= Work task =
Each line in the material below, starting at the one that contains "CCN2235 15.5 inches" and ending at the one that contains "Image showing textures", should be repeated exactly; the pictures should not.

= Listed records =
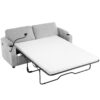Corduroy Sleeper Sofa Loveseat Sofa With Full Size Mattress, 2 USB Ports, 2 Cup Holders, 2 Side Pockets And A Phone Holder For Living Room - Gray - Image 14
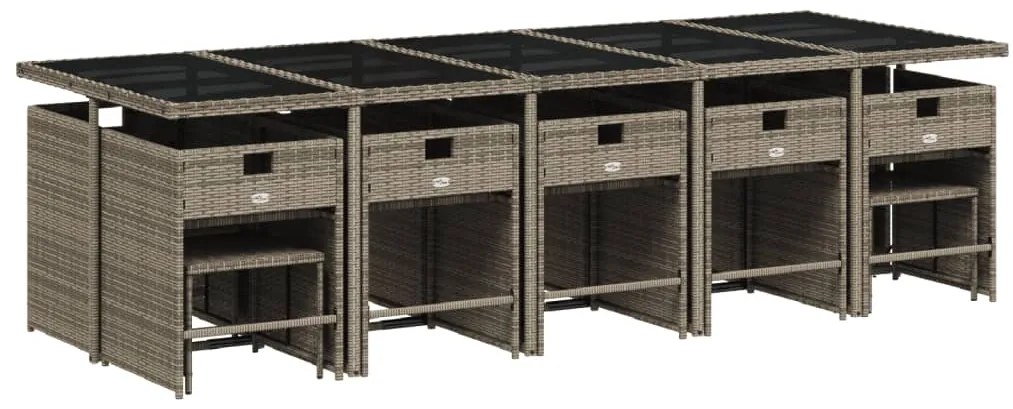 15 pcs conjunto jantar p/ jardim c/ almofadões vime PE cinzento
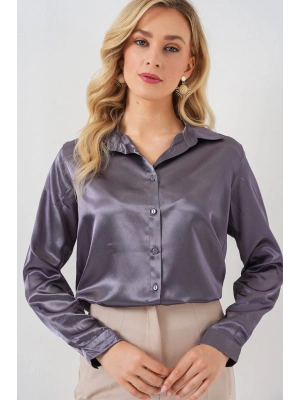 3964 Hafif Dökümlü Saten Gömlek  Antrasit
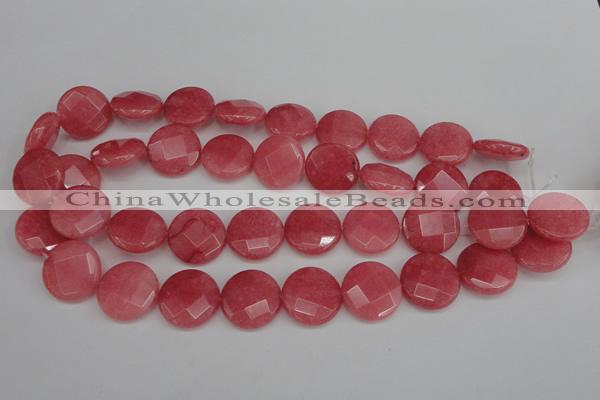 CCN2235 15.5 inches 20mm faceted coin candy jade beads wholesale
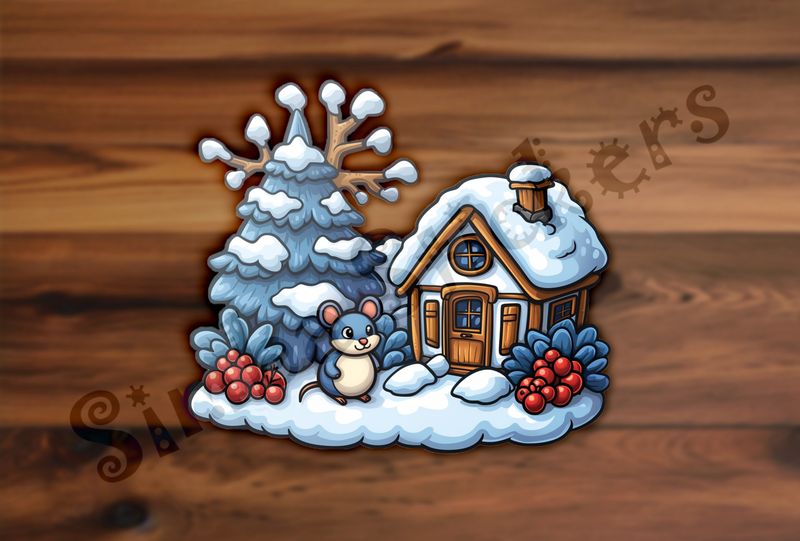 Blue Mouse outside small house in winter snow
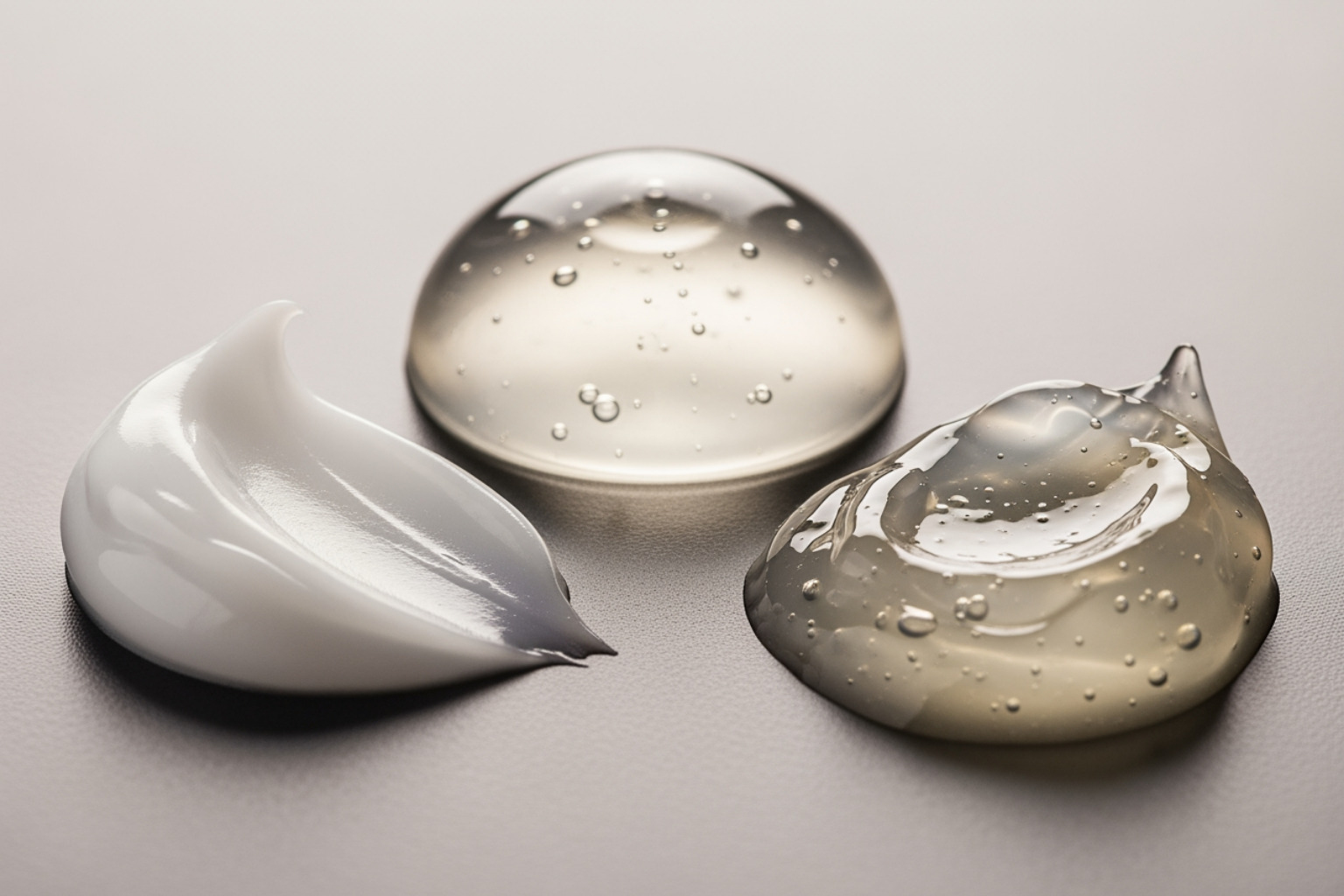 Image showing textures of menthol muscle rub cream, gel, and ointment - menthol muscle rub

* * *

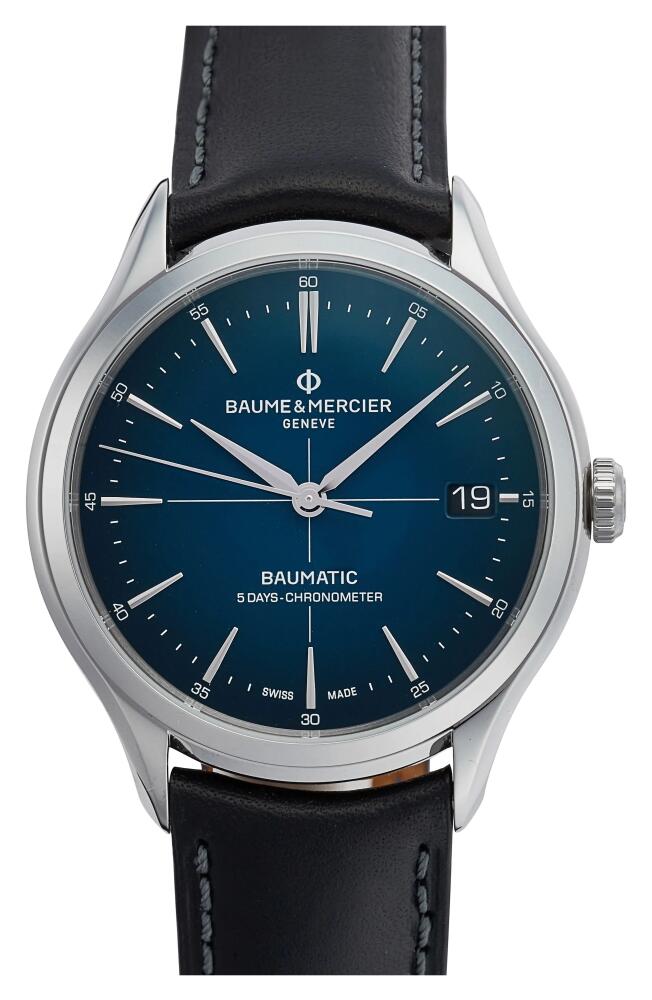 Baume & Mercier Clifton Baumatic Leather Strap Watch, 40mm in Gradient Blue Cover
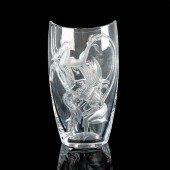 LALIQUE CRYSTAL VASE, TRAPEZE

...

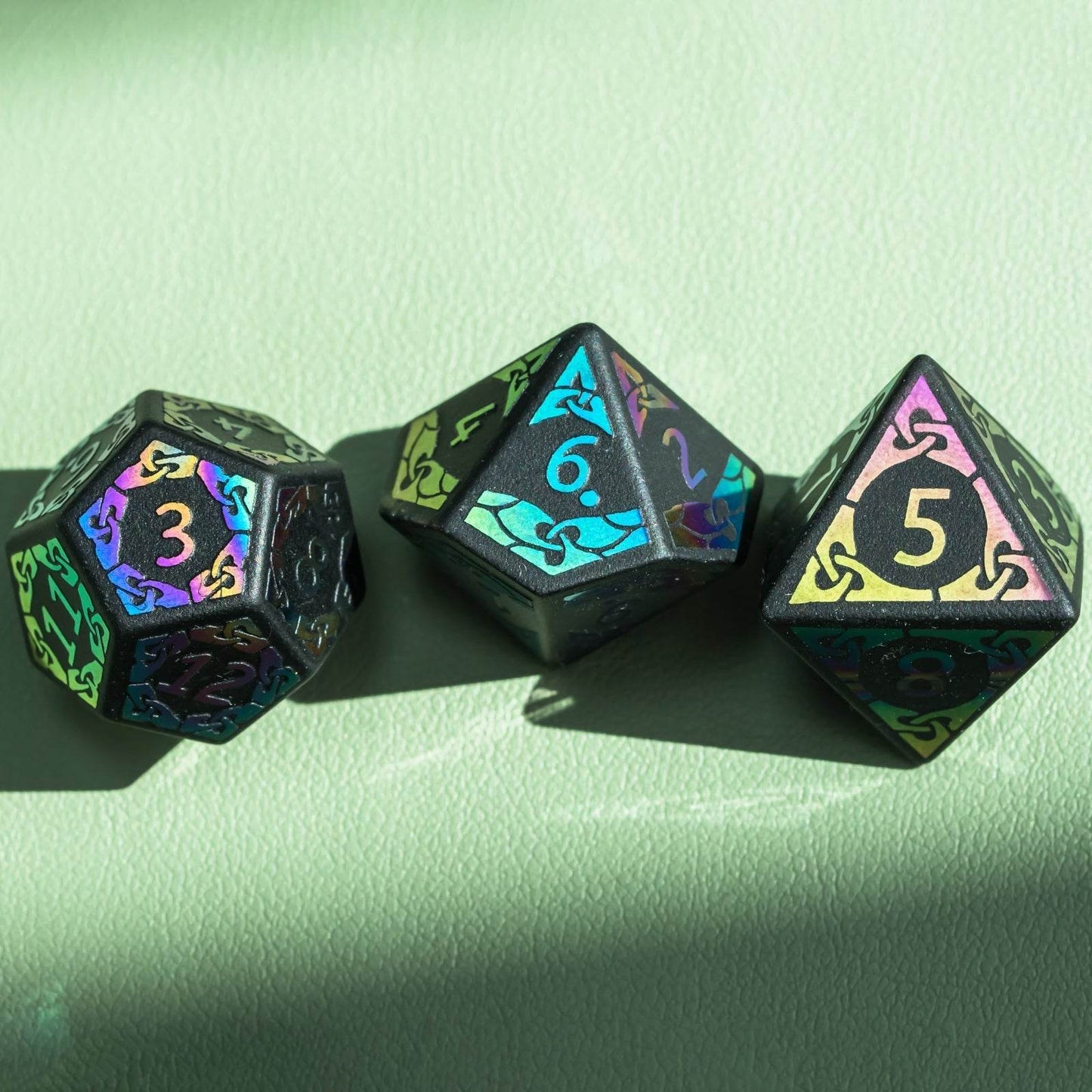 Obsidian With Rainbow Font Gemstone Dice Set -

= Solution for this exercise =
 CCN2235 15.5 inches 20mm faceted coin candy jade beads wholesale
 Blue Mouse outside small house in winter snow
 Image showing textures of menthol muscle rub cream, gel, and ointment - menthol muscle rub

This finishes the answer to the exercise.